WORK ORDER ->
Make an exact copy of the listing so that no picture is carried over.

AVAILABLE DATA ->
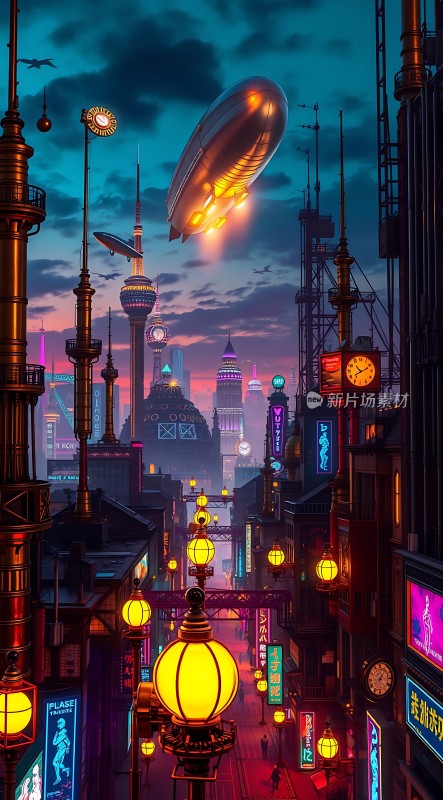 未来城市夜景霓虹灯与飞艇共舞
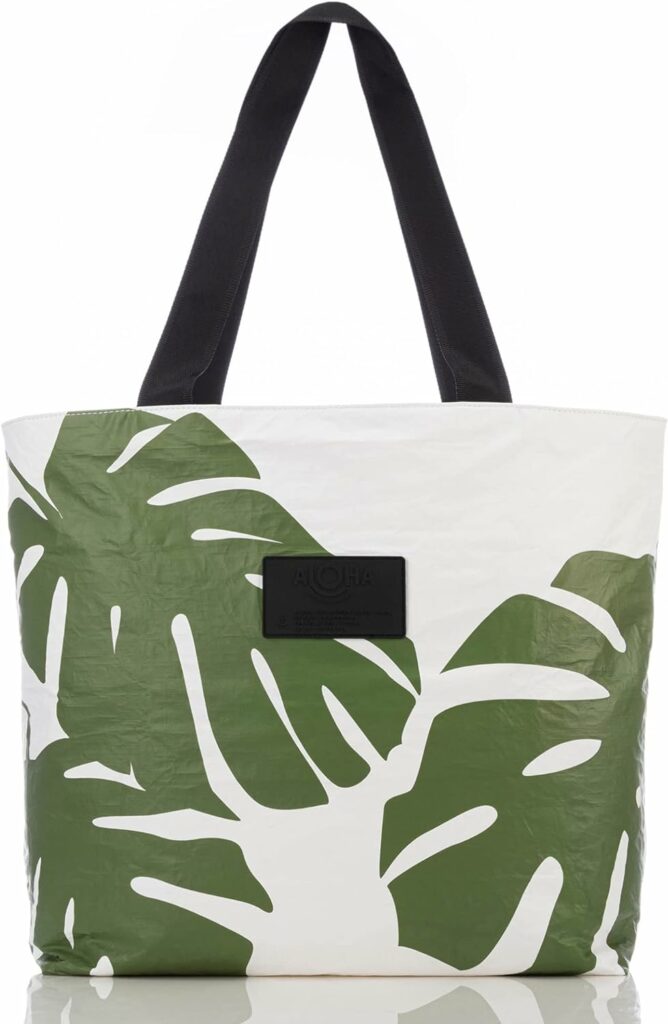 ALOHA Collection Monstera Day Tripper Tote in Seaweed | Lightweight, Packable, and Splash-Proof Beach Tote Bag | Easy to Clean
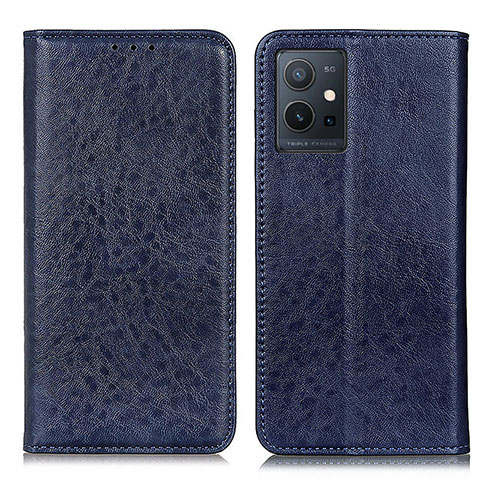 Funda de Cuero Cartera con Soporte Carcasa K09Z para Vivo Y52t 5G Azul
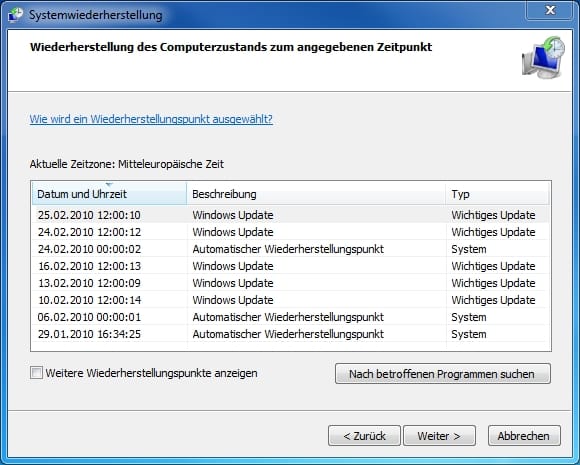 systemwiederherstellungspunkte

ANSWER TO THE PROBLEM ->
 未来城市夜景霓虹灯与飞艇共舞
 ALOHA Collection Monstera Day Tripper Tote in Seaweed | Lightweight, Packable, and Splash-Proof Beach Tote Bag | Easy to Clean
 Funda de Cuero Cartera con Soporte Carcasa K09Z para Vivo Y52t 5G Azul
 systemwiederherstellungspunkte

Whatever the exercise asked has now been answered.